• _The records_

======

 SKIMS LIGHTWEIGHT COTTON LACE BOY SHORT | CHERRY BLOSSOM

======

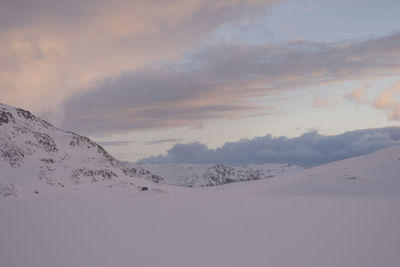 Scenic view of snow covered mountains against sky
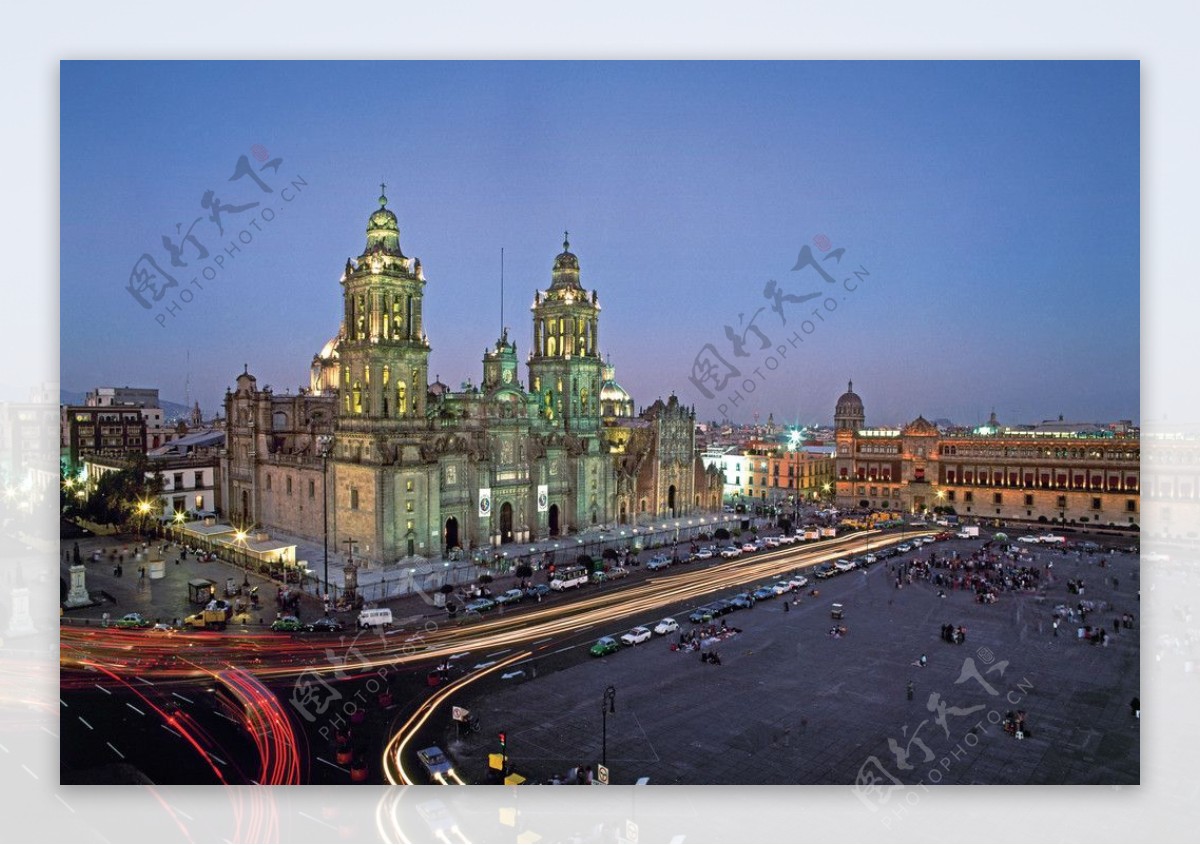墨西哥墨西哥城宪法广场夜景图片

======

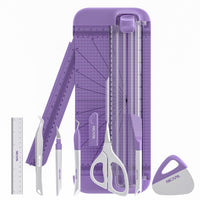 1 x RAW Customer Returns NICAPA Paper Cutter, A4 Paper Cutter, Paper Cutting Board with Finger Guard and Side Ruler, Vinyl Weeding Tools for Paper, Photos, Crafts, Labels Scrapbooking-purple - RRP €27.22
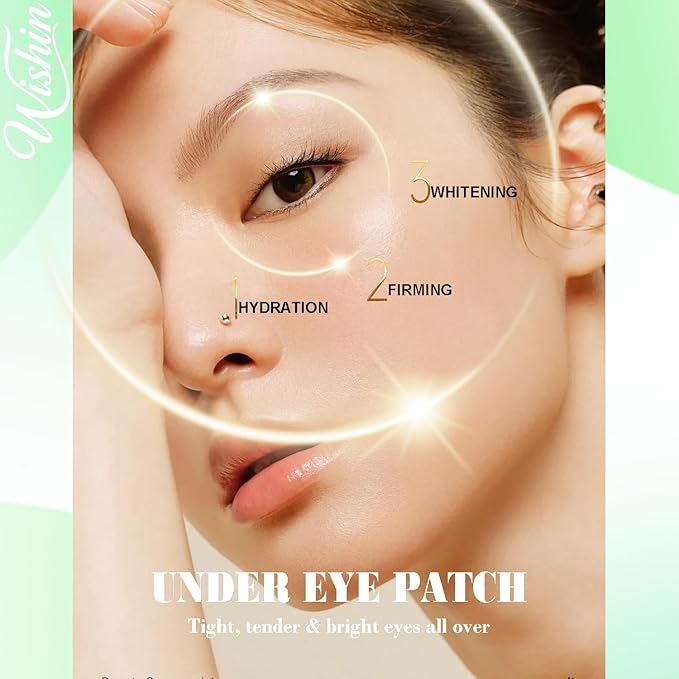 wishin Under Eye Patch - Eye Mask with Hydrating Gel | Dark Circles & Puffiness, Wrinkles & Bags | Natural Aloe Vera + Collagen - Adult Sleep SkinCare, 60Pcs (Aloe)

======

The material above holds pictures; leave them out. Repeat exactly the lines from the one containing "Scenic view of" through the one containing "墨西哥墨西哥城宪法广场夜景图片", and nothing else.

• _Response to this exercise_
 Scenic view of snow covered mountains against sky
墨西哥墨西哥城宪法广场夜景图片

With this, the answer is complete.